None of the columns have missing values
Time Series of Temperatures
# Set up the styling for plots
sns.set(style="whitegrid")
# Plotting the time series of temperatures
plt.figure(figsize=(18, 6))
sns.lineplot(x="valid_time", y="t2m", data=combined_data)
plt.title("Time Series of Temperatures (2m Above Ground)")
plt.xlabel("Valid Time")
plt.ylabel("Temperature (Celsius)")
plt.show()
The plot above shows the time series of temperatures recorded at 2 meters above ground level from 2005 to 2023. Given the vast time range, the plot provides a high-level view of the temperature fluctuations. It’s hard to discern any specific patterns at this scale, but we can still observe some seasonal cycles.
Time Series Decomposition
# Convert the DataFrame to a time series with 'valid_time' as the index
time_series_data = combined_data.set_index('valid_time')['t2m']
# Perform seasonal decomposition using the 'period' argument for yearly seasonality
decomposition = seasonal_decompose(time_series_data, period=365)

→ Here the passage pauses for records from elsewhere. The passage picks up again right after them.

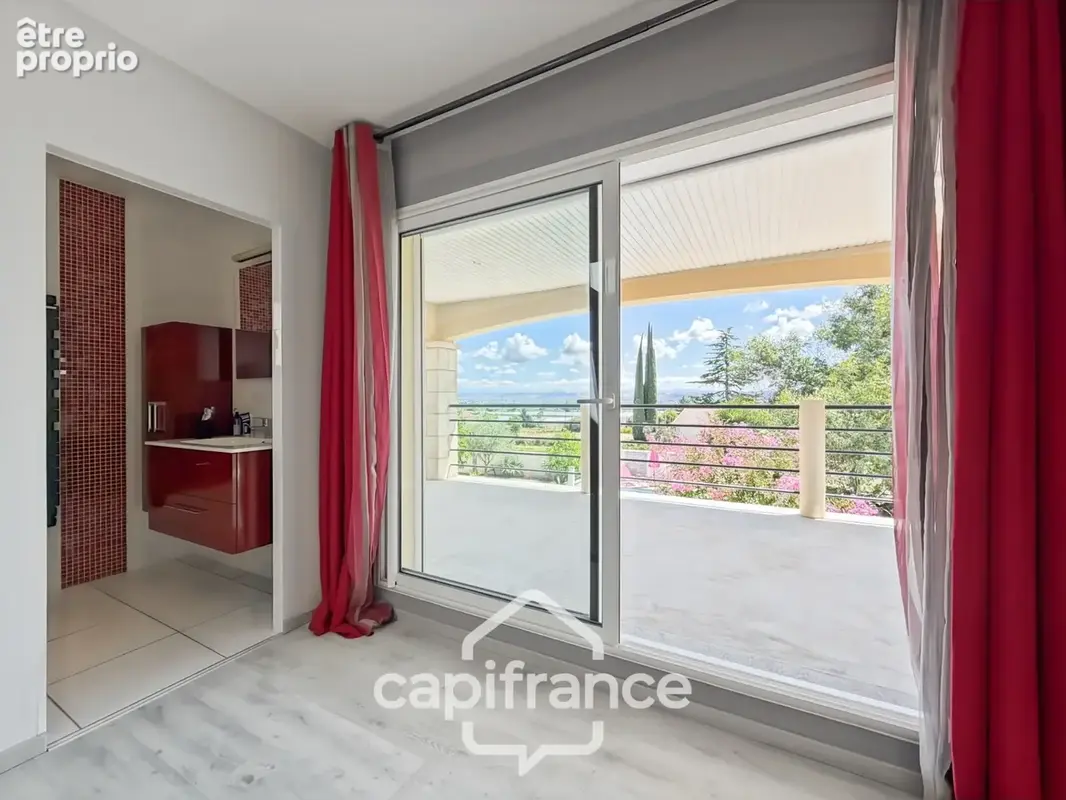 Maison Familiale avec piscine composée de 5 chambres sur ANJOU (38) - photo 22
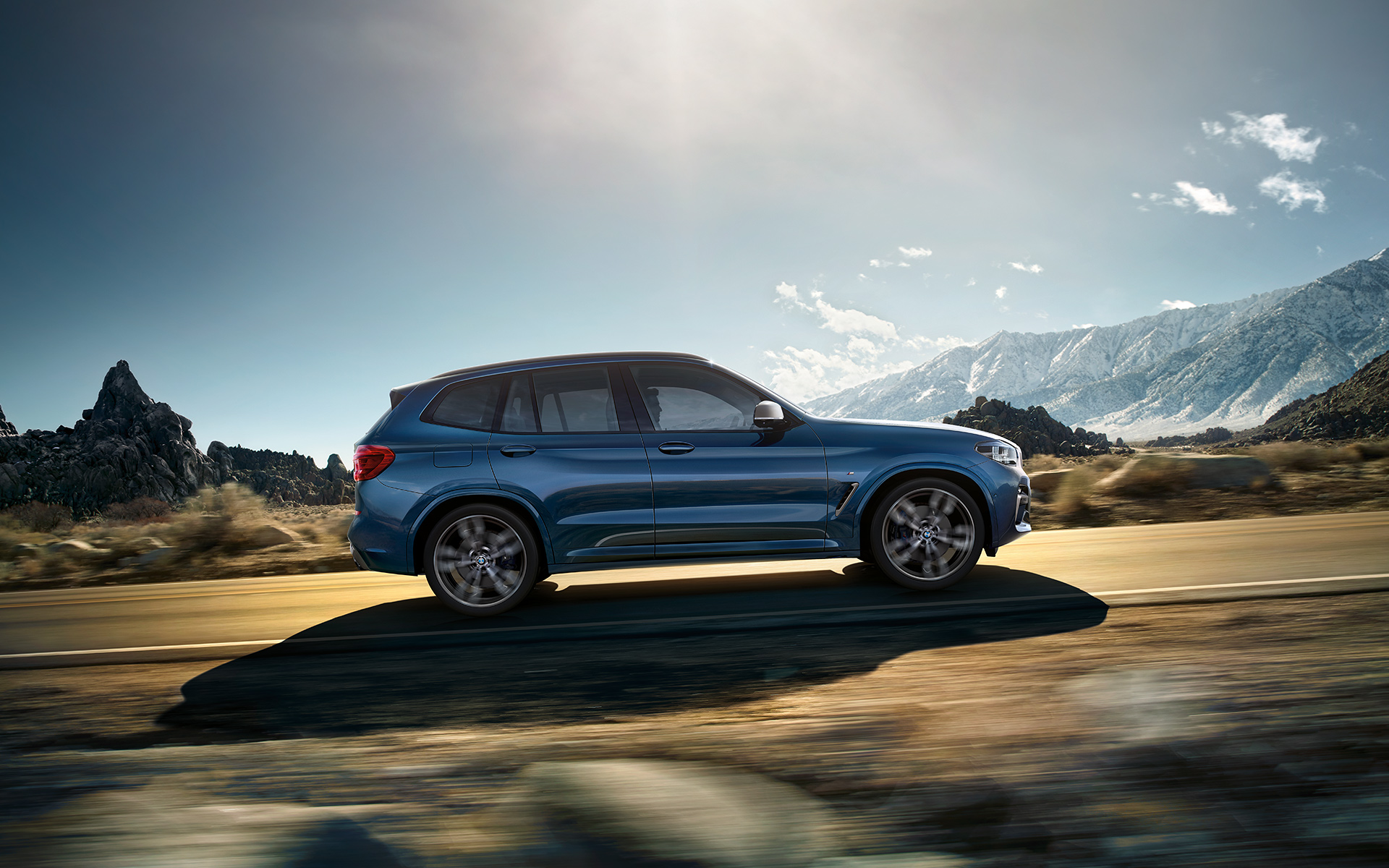 Phytonic Blue renginde BMW X3, dağ yolunda yukarı çıkış | BMW Türkiye Phytonic Blue renginde BMW X3, dağ yolunda yukarı çıkış | BMW Türkiye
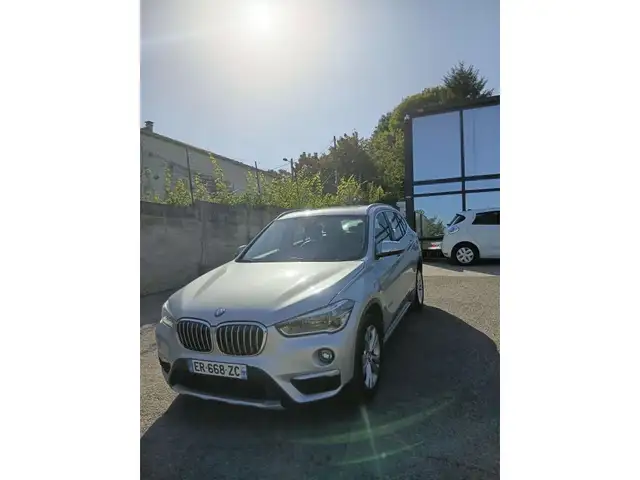 BMW X1 view 3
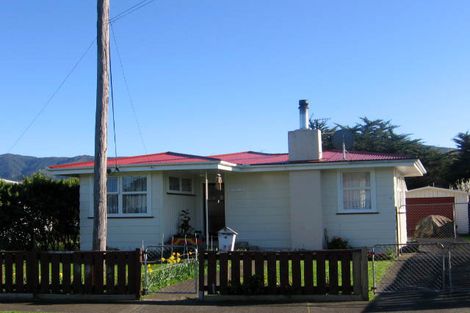 Photo of property in 4 Hardie Grove, Featherston, 5710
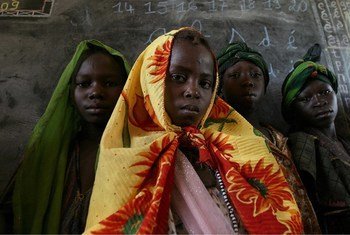Des jeunes filles en République centrafricaine. La jeunesse représente 70% de la population 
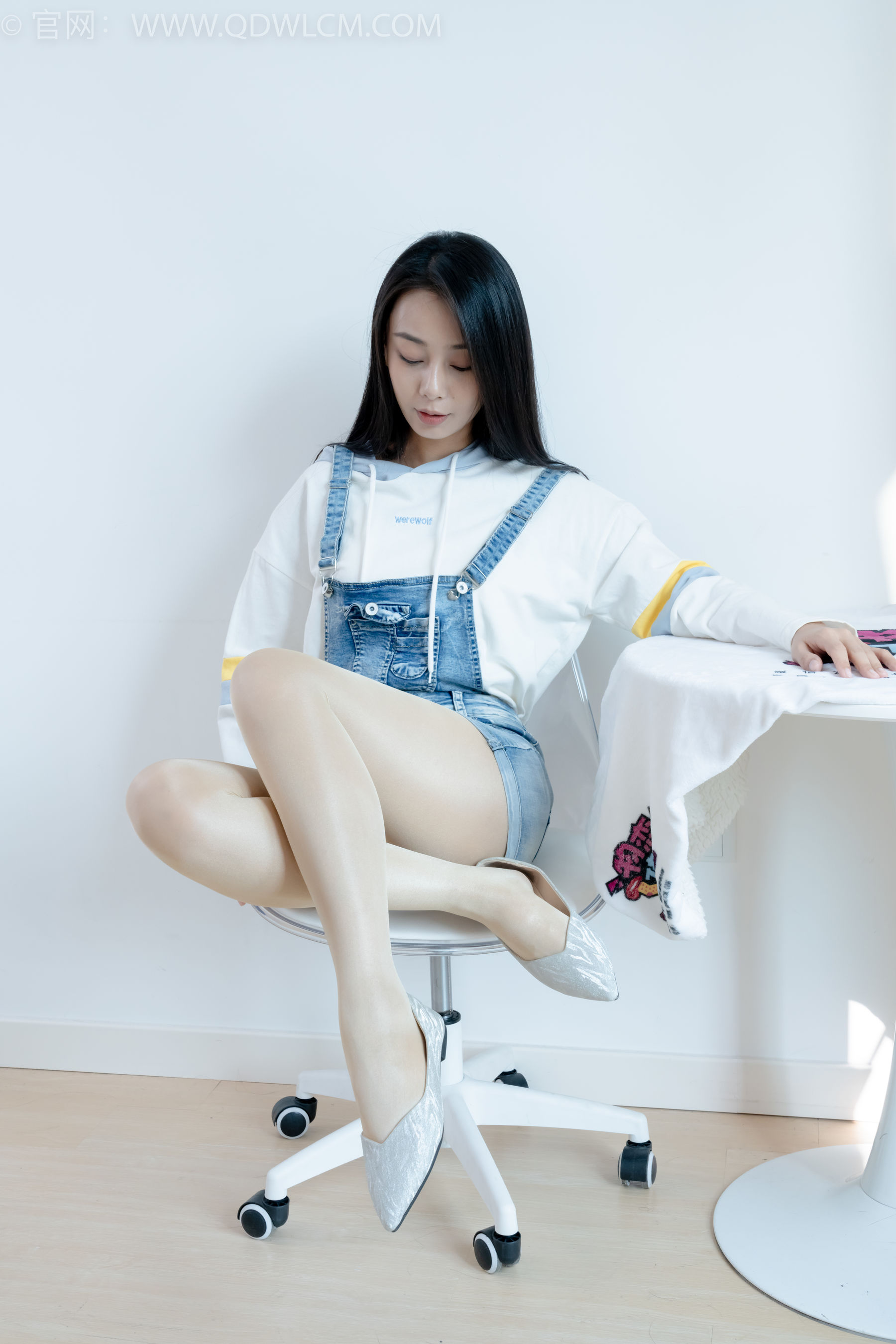 物恋传媒 No.2173 兰兰 -初秋的街头/(165P)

# Plot the original data, the trend, the seasonality, and the residuals
plt.figure(figsize=(18, 12))
plt.subplot(4, 1, 1)
plt.plot(decomposition.observed, label='Original')
plt.legend(loc='upper left')
plt.xlabel('Valid Time')
plt.ylabel('Temperature (Celsius)')
plt.title('Time Series Decomposition')
plt.subplot(4, 1, 2)
plt.plot(decomposition.trend, label='Trend')
plt.legend(loc='upper left')
plt.xlabel('Valid Time')
plt.ylabel('Temperature (Celsius)')
plt.subplot(4, 1, 3)
plt.plot(decomposition.seasonal, label='Seasonal')
plt.legend(loc='upper left')
plt.xlabel('Valid Time')
plt.ylabel('Temperature (Celsius)')
plt.subplot(4, 1, 4)
plt.plot(decomposition.resid, label='Residual')
plt.legend(loc='upper left')
plt.xlabel('Valid Time')
plt.ylabel('Temperature (Celsius)')
plt.tight_layout()
plt.show()
The time series has been decomposed into the following components:
-
Original: The original data series is shown at the top for reference.
-
Trend: This captures the long-term movement in the data. We can see a slight upward trend over the years, which may be indicative of a general warming over the time period under consideration.
-
Seasonal: This captures the repeating short-term cycle in the data. The strong seasonal pattern is evident, and this is likely the annual cycle of temperatures getting warmer in the summer and cooler in the winter.
-
Residual: This is what’s left after the trend and seasonal components have been removed from the original data. It’s essentially the noise or random fluctuations in the data.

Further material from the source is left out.